The Autonomous Design Architecture:

One of the motivations of the dissertation work was to design an autonomous spike-based data reduction system, that is fully controlled by FSMs. No processors were used in the system control in order to avoid interrupt latencies that may degrade the performance of the overall design. FSM controllers were designed to handle different parts of the design, namely:
(a) The input data allocation between multiple spike detection units,
(b) The spike detection unit control and the copying process of the spike waveforms from the input BRAM into the output buffers.
(c) Autonomous threshold selection for the spike detection unit.
(d) Managing the transmission of the AP waveforms from the unit buffers to the output FIFO shared by all the units.
(e) A test-bed for the transmission of real neuronal data.
The design architecture and FSM designs can be implemented to test new neural signal processing approaches. As a proof of concept, the spike detector used threshold comparison using the NEO operator. This is a classical approach that has been used for a long time in neuronal spike detection. The architecture design can implement other spike detection techniques such as the discrete wavelet transform.

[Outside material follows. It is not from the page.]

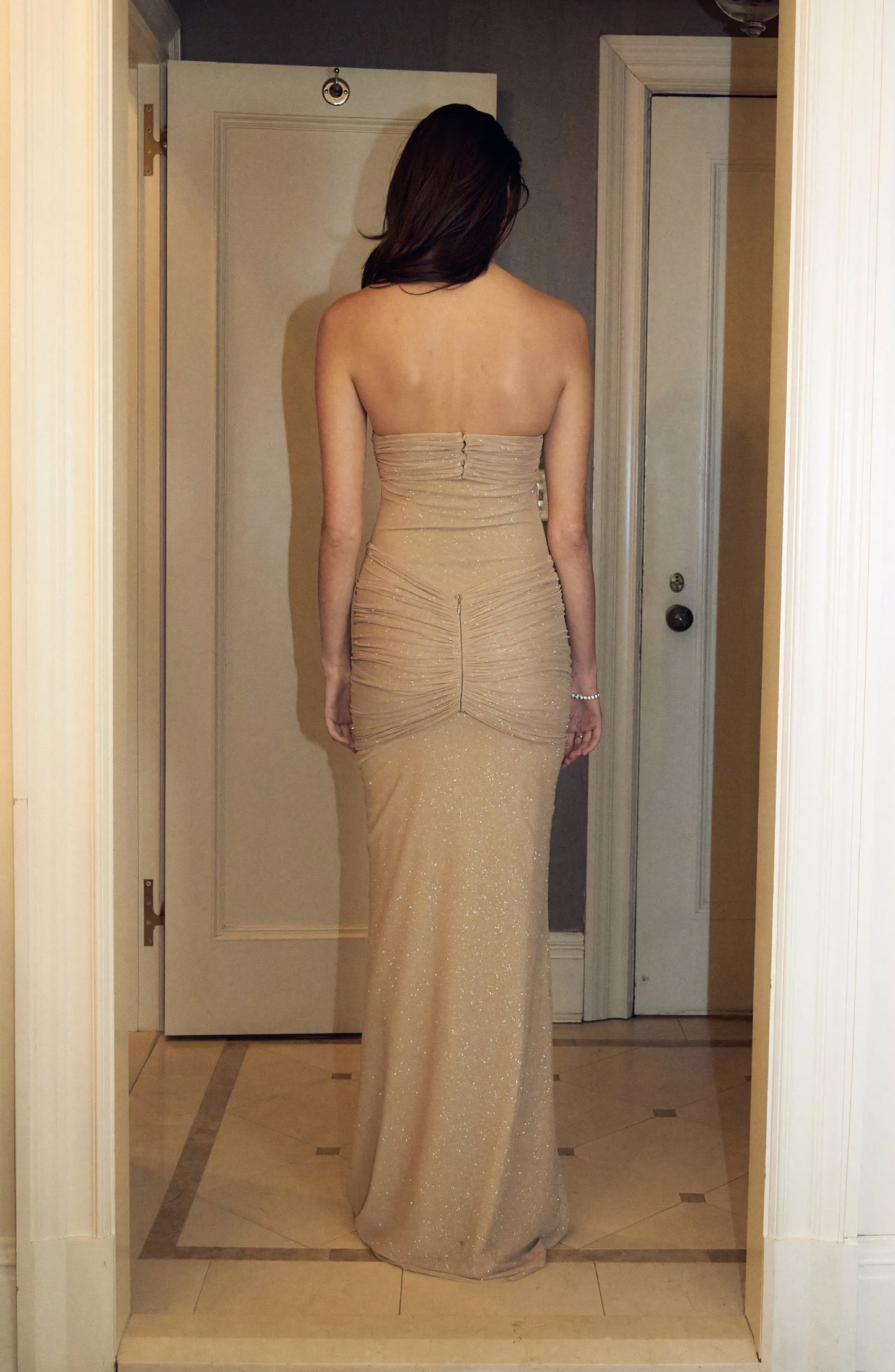Claudia | Timeless Serenity Maxi Dress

The hardware implementation:

The hardware designs presented in the dissertation work were implemented for evaluation and proof of concept on a Xilinx XUPV5-LX110t board. Virtex-7 FPGAs are expected to have lower utilization percentages, and faster speed. This will allow giving more room for design expansion to handle more channels. The design BRAM utilization showed the highest percentage of 91%. The complete design used a total of 136 x 36K BRAMs ~ 5Mb. The Virtex 7 FPGA families integrate on average 68Mb BRAMs. A rough estimate can conclude that the hardware design described in the dissertation can be replicated ~ 13 times to handle a total of more than 33 thousand channels. A definite channel count value cannot be given before synthesizing the design and running the placement and routing to ensure that the timing constraints will be met. The Virtex7 FPGA integrates 96 MGTs, each working at 28.05 Gbps. Considering the integration of 33 thousand channels and each channel recording neural signals at 30 KHz, then a total bandwidth of 990 MSPS and at a sample precision of 16 bits/Sample, the input bandwidth requirement is 15.84 Gbps. Hence it is not expected that the input data transmission would be a factor of design limitation. The design bottleneck will be the transmission through PCIe to a host PC. Further reduction will be needed to decrease the output data for example by implementing spike sorting in hardware as well. With more DSP slices integrated, the implementation of more complex spike detection and 101
spike sorting algorithms will be feasible. Concrete values can only be determined when the design is implemented on hardware. This is another implementation project to be considered in future work.
Recently, Xilinx has released the Zynq®-7000 family. A series of products based on the Xilinx All Programmable System-on-Chip architecture, that integrates a dual-core ARM® Cortex™-A9 based processing system and 28 nm Xilinx programmable logic in a single device. Implementing the spike-based data reduction platform on the Zync FPGA may allow adding more features to the design capabilities.